Скворцов же, комитетчик этот - или не комитетчик? - Вите Шахову почему-то понравился - при всем предубеждении ко всему связанному с ГБ и из оного исходящему. Но в старлее было что-то вне-комитетское, что-то "над"... Короткое общение навсегда убедило Шахова в наличии позитивной силы в этой, по его мнению, "деструктивно-негативной структуре". Беда в том, думал Шахов, что опора позитивности похожа на табурет под ногами висельника: вот-вот выбьют. Идеология энтропийна по сути, экзистенциальна и эсхатологична как всякая утопия; если же по-русски, то просто прогнила изнутри, сверху, снизу, воняет безбожно, и кто дышит - тот погибает. Необязательно - буквально, но и внутренне, душевно, что ли...
В личном плане Виктор Шахов не знал никакой энтропии-дистрофии, как душевной, так и телесной: был здоров и силен физически, в рукопашном бою мог дать сто очков форы любому; в юности занимался и боксом, и самбо, и модным карате, а ещё - изучал искусство драки в теории, по любопытной книжечке, купленной у жучков-спекулянтов возле памятника Ивану Федорову.
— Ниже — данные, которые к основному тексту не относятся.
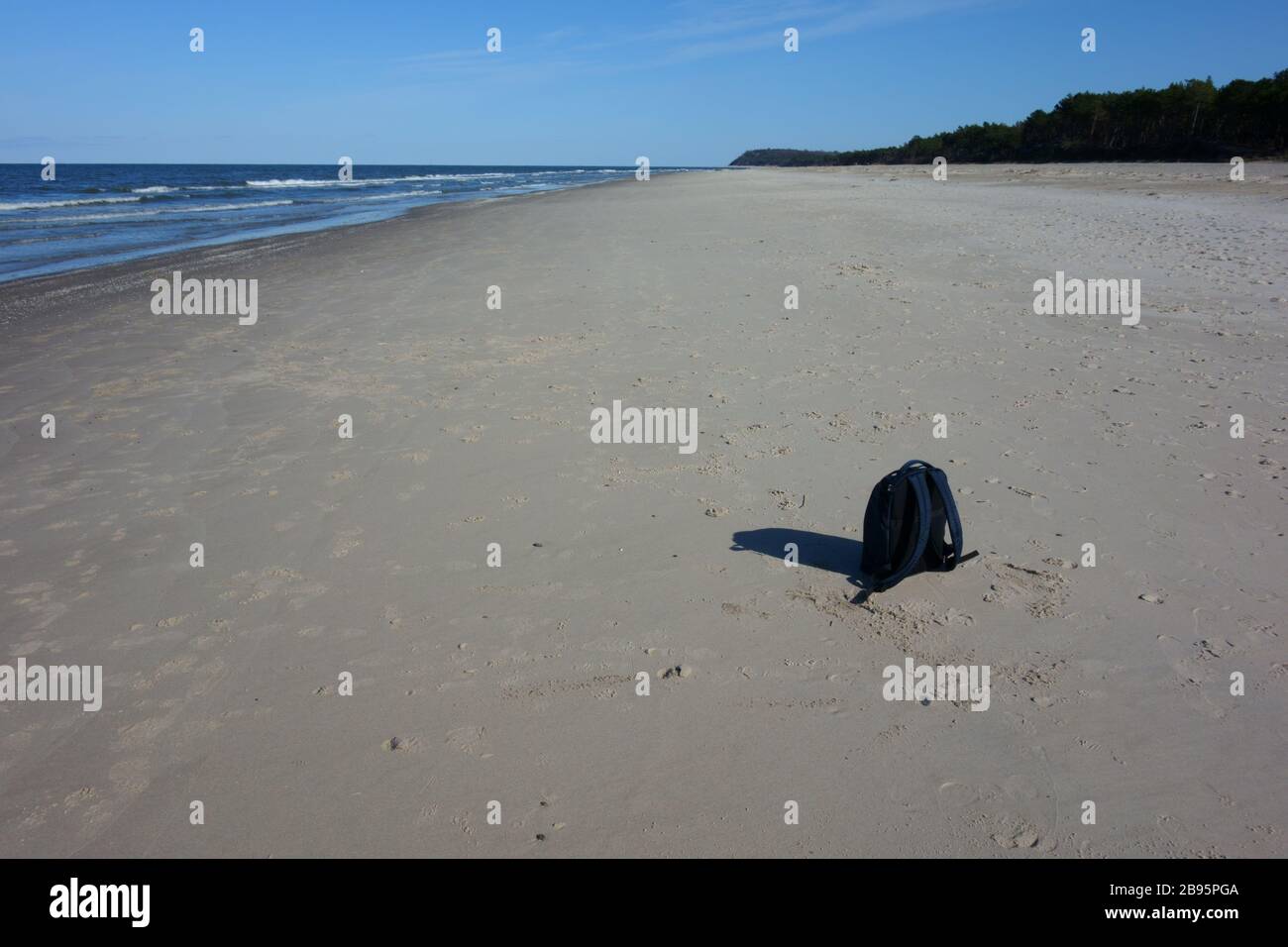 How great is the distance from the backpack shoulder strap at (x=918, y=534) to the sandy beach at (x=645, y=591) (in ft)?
0.34

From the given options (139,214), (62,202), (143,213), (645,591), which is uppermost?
(62,202)

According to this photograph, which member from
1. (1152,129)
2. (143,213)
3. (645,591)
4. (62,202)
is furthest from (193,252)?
(1152,129)

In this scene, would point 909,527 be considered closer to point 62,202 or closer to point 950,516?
point 950,516

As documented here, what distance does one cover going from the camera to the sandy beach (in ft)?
9.28

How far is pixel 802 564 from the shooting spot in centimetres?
438

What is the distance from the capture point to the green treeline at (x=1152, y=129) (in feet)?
146

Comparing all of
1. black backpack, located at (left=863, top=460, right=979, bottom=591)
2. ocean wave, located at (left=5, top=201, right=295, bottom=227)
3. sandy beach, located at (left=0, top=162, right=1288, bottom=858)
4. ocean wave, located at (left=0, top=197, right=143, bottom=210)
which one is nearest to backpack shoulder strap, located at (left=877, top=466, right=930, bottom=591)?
black backpack, located at (left=863, top=460, right=979, bottom=591)

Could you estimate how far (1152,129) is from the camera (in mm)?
54469

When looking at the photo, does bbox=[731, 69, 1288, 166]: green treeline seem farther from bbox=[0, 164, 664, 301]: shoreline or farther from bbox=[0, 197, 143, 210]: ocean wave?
bbox=[0, 197, 143, 210]: ocean wave

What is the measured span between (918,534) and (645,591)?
54.6 inches

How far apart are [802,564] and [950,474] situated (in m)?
1.59

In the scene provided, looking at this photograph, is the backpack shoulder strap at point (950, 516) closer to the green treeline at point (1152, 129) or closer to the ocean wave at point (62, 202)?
the ocean wave at point (62, 202)

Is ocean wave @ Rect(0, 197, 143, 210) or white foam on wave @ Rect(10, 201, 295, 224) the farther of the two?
ocean wave @ Rect(0, 197, 143, 210) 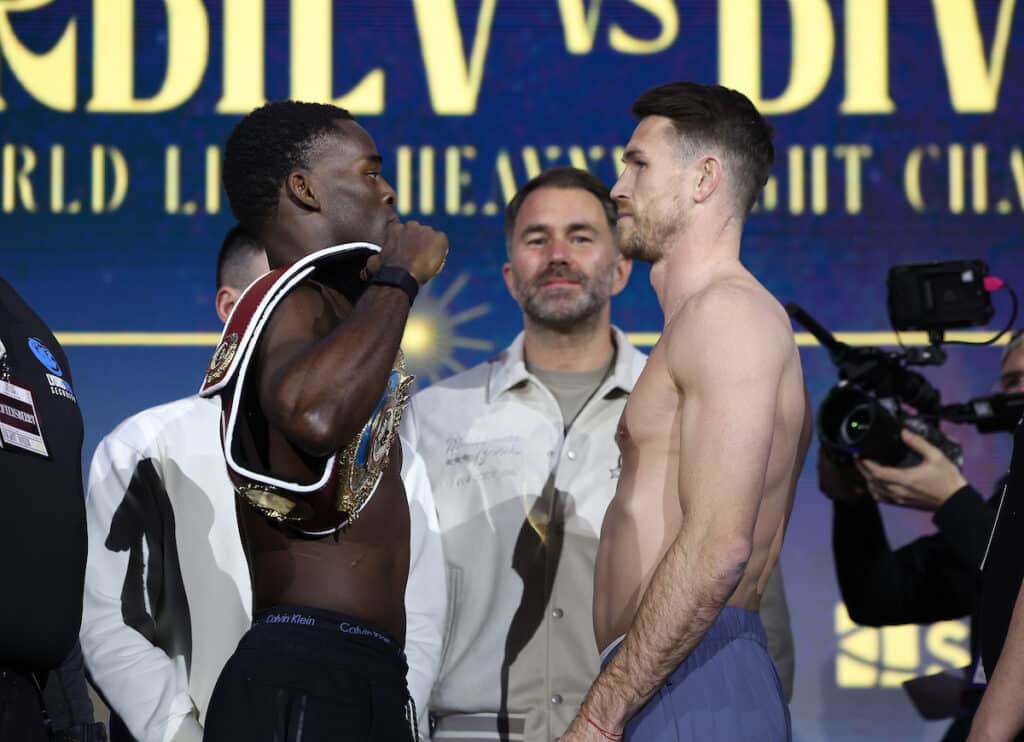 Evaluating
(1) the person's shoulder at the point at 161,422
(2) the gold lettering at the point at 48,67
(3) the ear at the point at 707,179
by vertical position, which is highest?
(2) the gold lettering at the point at 48,67

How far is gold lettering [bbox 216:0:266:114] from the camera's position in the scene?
13.7ft

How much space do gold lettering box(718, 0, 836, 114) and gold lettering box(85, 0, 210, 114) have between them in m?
1.49

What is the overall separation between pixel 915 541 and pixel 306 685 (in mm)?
2046

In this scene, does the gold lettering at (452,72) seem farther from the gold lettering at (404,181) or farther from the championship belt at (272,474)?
the championship belt at (272,474)

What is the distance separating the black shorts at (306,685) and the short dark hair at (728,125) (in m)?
0.98

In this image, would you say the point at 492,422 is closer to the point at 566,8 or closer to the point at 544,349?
the point at 544,349

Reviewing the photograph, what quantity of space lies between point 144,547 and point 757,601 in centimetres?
126

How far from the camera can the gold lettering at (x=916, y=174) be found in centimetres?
412

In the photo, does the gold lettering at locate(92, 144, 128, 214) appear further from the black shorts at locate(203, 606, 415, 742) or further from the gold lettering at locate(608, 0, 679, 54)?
the black shorts at locate(203, 606, 415, 742)

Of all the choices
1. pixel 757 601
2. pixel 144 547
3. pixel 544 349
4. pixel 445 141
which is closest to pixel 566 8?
pixel 445 141

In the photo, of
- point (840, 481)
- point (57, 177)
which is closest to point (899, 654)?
point (840, 481)

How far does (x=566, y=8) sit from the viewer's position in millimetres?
4207

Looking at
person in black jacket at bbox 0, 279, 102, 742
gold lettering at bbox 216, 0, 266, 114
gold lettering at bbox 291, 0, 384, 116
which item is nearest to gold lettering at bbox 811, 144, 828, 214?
gold lettering at bbox 291, 0, 384, 116

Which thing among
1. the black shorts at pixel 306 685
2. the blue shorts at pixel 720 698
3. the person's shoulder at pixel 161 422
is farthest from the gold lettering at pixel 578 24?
the black shorts at pixel 306 685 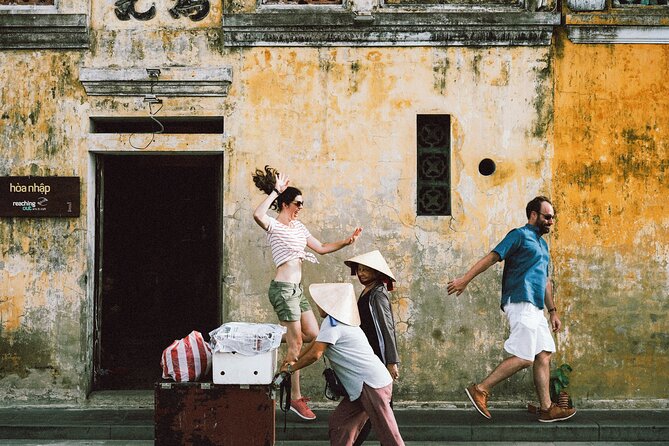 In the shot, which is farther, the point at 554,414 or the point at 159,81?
the point at 159,81

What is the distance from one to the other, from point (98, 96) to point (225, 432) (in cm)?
462

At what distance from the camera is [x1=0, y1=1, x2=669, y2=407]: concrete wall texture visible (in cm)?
899

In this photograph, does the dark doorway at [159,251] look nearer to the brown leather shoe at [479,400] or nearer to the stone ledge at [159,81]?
the stone ledge at [159,81]

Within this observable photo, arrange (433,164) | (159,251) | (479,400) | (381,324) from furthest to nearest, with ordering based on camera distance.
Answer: (159,251) → (433,164) → (479,400) → (381,324)

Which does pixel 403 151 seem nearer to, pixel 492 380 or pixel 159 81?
pixel 492 380

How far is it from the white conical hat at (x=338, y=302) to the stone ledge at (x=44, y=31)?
4.63 meters

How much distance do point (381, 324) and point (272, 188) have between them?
235 cm

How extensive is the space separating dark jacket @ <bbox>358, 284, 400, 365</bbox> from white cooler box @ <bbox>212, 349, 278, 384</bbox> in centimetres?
104

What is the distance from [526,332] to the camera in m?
7.95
Изданная в 1932 году без всяких библиографических данных, называлась она просто: "Физическая подготовка"; предназначалась для бойцов НКВД. Приемы были зверские, а описания - деловито-четкие: "Если противник упал на спину, то наилучшим продолжением боя является разбивание мошонки топчущим ударом подошвы сапога по траектории Х (см. рис. 6)" - и так далее... Но и без спорта Шахов отнюдь не был рафинированным леденцом-подарком: юность прошла в угрюмых дворах близ знаменитого Тишинского рынка, драки были обычным делом - и дня без них не проходило. Некоторых "спарринг-партнеров" по уличным схваткам Виктор впоследствии встречал в камерах пересыльных тюрем: была радость встреч и непременный чифирок под воспоминания.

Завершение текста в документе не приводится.